Data records:
★ ★ ★ ★
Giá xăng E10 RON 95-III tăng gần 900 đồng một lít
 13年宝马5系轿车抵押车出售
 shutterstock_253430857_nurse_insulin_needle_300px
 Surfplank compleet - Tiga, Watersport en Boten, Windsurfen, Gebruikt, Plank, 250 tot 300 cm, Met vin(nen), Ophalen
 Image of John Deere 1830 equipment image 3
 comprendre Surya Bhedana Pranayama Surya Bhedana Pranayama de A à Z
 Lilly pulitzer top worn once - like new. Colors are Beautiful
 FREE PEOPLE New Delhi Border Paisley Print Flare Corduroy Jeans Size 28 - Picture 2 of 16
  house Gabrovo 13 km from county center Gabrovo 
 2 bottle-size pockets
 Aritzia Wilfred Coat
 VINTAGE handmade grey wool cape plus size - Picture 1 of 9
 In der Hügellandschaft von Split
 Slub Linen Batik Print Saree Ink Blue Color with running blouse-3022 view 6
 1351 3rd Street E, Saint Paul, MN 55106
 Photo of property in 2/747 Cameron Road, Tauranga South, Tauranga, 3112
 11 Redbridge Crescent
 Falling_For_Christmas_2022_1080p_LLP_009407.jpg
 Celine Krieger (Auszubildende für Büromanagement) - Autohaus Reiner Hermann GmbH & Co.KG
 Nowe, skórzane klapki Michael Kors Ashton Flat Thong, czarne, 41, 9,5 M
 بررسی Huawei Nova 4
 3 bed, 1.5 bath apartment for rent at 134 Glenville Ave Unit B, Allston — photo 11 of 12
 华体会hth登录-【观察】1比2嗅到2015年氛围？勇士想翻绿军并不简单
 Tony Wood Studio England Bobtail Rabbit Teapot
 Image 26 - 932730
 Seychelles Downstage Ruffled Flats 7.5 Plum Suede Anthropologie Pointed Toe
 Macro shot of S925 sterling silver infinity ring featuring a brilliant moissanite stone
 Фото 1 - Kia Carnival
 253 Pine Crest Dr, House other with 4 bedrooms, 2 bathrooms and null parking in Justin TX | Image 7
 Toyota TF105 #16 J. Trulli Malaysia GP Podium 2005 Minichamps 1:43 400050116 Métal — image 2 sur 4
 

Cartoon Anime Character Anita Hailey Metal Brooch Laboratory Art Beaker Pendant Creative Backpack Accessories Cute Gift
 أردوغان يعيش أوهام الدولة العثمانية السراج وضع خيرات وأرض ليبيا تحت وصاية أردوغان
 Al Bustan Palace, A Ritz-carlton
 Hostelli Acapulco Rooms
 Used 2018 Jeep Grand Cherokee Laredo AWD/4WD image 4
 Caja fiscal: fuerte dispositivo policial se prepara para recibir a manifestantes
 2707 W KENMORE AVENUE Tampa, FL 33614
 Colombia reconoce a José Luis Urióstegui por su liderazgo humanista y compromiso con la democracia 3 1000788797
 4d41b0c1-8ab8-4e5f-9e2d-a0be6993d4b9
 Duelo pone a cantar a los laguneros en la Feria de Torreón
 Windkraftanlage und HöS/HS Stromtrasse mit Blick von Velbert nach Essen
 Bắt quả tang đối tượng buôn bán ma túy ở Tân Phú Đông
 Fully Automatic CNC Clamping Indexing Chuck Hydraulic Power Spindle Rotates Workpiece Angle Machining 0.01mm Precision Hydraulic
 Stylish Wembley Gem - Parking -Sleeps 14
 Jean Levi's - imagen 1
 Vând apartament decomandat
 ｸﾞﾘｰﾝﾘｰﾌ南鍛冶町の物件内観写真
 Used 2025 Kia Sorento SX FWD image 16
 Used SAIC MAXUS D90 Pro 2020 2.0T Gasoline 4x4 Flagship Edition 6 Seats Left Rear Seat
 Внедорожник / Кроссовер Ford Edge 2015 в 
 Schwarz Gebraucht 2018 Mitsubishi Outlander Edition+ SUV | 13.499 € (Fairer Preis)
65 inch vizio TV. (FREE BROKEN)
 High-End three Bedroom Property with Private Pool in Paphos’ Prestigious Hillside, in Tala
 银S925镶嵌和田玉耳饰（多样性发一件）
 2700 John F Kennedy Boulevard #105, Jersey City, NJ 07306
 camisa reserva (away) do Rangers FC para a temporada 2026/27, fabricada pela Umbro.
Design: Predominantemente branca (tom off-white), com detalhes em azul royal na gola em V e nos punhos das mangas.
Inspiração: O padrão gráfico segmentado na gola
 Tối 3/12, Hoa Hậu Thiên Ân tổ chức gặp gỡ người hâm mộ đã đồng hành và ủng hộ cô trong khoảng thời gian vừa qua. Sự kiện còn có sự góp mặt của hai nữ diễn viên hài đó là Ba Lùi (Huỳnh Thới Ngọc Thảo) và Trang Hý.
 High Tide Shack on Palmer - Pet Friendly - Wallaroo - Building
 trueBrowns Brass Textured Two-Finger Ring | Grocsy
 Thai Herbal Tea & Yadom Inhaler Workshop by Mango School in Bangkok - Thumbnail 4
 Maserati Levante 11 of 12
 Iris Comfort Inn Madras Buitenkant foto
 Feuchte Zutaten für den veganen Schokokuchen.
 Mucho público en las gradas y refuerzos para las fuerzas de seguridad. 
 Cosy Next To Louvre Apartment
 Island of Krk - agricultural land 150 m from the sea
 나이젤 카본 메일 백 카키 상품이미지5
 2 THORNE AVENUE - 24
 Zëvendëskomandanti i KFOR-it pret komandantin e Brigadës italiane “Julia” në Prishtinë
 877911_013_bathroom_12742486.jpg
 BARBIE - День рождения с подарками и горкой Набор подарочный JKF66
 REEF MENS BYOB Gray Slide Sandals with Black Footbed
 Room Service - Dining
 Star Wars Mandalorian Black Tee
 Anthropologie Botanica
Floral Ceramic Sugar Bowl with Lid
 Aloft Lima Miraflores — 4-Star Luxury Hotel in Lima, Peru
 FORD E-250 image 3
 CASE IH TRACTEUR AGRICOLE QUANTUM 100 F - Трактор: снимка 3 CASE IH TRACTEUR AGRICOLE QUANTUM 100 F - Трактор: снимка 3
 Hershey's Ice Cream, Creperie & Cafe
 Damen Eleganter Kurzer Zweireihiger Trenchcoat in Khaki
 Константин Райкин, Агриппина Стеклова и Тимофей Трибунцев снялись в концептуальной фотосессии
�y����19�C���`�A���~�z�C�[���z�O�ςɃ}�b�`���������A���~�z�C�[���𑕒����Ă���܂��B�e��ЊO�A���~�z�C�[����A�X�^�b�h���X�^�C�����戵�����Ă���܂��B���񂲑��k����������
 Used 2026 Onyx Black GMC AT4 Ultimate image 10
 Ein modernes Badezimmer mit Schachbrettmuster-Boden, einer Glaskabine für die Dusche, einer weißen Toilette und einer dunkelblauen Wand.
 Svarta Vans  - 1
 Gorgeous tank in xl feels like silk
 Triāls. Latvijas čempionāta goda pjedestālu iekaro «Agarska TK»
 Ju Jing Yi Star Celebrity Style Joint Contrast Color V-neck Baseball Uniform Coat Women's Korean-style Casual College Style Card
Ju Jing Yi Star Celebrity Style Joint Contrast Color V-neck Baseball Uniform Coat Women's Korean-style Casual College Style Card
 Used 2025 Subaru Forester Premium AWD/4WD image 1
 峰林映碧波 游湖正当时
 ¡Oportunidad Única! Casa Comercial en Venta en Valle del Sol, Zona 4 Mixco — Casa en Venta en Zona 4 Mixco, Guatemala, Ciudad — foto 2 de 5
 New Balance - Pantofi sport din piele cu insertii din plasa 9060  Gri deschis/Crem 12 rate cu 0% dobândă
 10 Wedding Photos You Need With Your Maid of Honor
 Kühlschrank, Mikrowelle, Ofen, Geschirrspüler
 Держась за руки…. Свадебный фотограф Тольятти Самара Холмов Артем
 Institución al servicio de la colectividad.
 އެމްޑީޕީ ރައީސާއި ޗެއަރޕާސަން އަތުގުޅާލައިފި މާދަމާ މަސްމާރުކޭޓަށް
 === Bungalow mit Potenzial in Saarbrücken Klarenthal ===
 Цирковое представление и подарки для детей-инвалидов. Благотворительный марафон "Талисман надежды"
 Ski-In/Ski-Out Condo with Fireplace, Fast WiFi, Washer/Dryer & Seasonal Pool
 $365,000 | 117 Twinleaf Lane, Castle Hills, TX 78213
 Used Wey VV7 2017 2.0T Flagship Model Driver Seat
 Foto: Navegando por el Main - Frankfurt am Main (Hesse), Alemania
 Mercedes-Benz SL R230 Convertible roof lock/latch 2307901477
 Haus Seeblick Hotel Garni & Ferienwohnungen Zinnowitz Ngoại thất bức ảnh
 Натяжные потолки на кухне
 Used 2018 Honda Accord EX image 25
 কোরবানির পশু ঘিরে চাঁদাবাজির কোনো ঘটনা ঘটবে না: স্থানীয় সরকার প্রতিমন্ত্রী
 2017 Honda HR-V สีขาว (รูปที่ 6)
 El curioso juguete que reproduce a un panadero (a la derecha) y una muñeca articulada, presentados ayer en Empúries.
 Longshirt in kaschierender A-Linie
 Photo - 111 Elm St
★ ★ ★ ★
_YOUR INSTRUCTIONS:_
Return each line from the data where the string "High" can be found.

_RESULT FOR THIS TASK:_
 High-End three Bedroom Property with Private Pool in Paphos’ Prestigious Hillside, in Tala
 High Tide Shack on Palmer - Pet Friendly - Wallaroo - Building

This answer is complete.